Wij moeten zoeken naar het doel dat wij hebben. Wij moeten zoeken naar een richting, die voor ons betekent: de vervulling van de taak van het leven, de volheid van het leven ervaren, de volheid van geestelijke ontwikkeling, die ons uiteindelijk toch wordt opgelegd als een verplichting wanneer wij leven. Die taken kunnen zeer verschillen. Krijgt de één de opdracht om geestelijk voor te gaan en zich voor te bereiden op een groots geestelijk bestaan. De ander zal last krijgen om te dienen op aarde, zelf onbelangrijk zijnde, steeds anderen haast ongemerkt terzijde te staan. De één wordt een opdracht gegeven die werelden omarmt. Een opdracht die het Al regeert, die hem maakt tot Vorst en Meester, alleen maar gebonden door deze ene kracht, die hem beveelt: het Goddelijke dat zijn levensdoel voor hem heeft uitgestippeld en bepaald. Voor de ander is het een afdalen tot in de duisterste sferen, om moeizaam zoekend tussen gekwelde zielen rond te gaan, tot hij er ene vindt, die in een ogenblik van bewustzijn de helpende hand aanvaardt en opstijgt naar een plaats, waar de duisternis minder zwaar drukt, waar het licht misschien reeds meer doordringt.
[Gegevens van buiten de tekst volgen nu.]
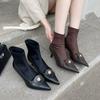 New French Retro Camellia Pointed Short Boots Women's Elastic Thin Boots Thin Heel High Heel Women's Boots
Mens en geest, wij hebben allen een opdracht in het leven, die wij moeten volvoeren. Een opdracht, die voortvloeit uit de wijze, waarop wij leven en bestaan, die voortvloeit uit de God, die ons geschapen heeft en in ons leeft. Laten wij dus onze taak niet schuwen, maar vrijelijk aanvaarden. Laten wij onze taak vrolijk aanvaarden, vol met innerlijke blijheid. Want slechts zo kunnen wij komen tot vervulling van ons eigen leven, tot vervulling van het doel, waarmee God ons schiep en de beëindiging van alle waanwereld, terugkerend in de enige waarheid.
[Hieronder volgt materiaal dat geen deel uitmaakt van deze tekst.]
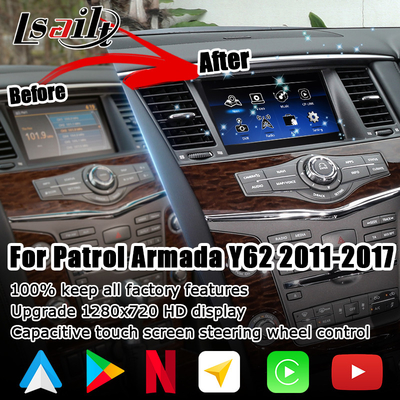 Nâng cấp màn hình cảm ứng Nissan Patrol Y62 2010-2016 với giao diện video youtube android auto carplay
Wij allen hebben onze opdracht reeds gekregen. Onze weg ligt voor ons, misschien nog nevelig in het verschiet, maar duidelijk reeds, waar wij de eerste schrede willen zetten. Een opdracht waarbij wij niet mogen wachten tot wij het geheel overzien, maar vertrouwend op de leiding die ons krachten geeft, die ons bij zal staan, wanneer wij de opdracht aanvaarden, de eerste schreden reeds nu moeten zetten, wetend: zó moet ik gaan. Nu wij mediteren over een levensopdracht, dan mediteren wij over een levensdoel en denken wij over een levensdoel, dan moeten wij denken aan: God. God, die wij niet kunnen kennen, overzien en beheersen. God, die wij allen weten te zijn: onze kracht, onze bewustwording, ons wezen en onze verlossing. Laten wij onze opdrachten dan aanvaarden, alsof zij Goddelijk waren.
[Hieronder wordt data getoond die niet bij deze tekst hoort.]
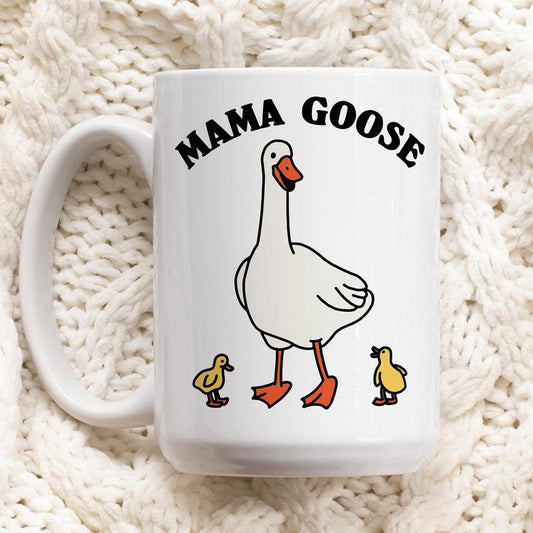 Mama Goose Mug, Cute Mothers Day Ceramic Cup, Mom Gift Coffee Mug, Cute Birthday Gift Idea For Mom, Cute Animal Illustration Mug, Novelty Coffee Mug, Gifts For Men Women, 11 15oz Ceramic Cup, Unique Gifts For Women Drinkware Printed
Laten wij ons niet beroepen op ons onbewust zijn of het niet weten, waar die weg heen leidt. Wanneer God ons roept, laten wij die weg gaan. Wanneer God zegt ons te doen, laten wij niet aarzelen. Laten wij de taak volbrengen in het bewustzijn, dat zolang wij de opdracht aanvaarden, het scheppend Vermogen ons de kracht zal geven en de middelen om die te volbrengen.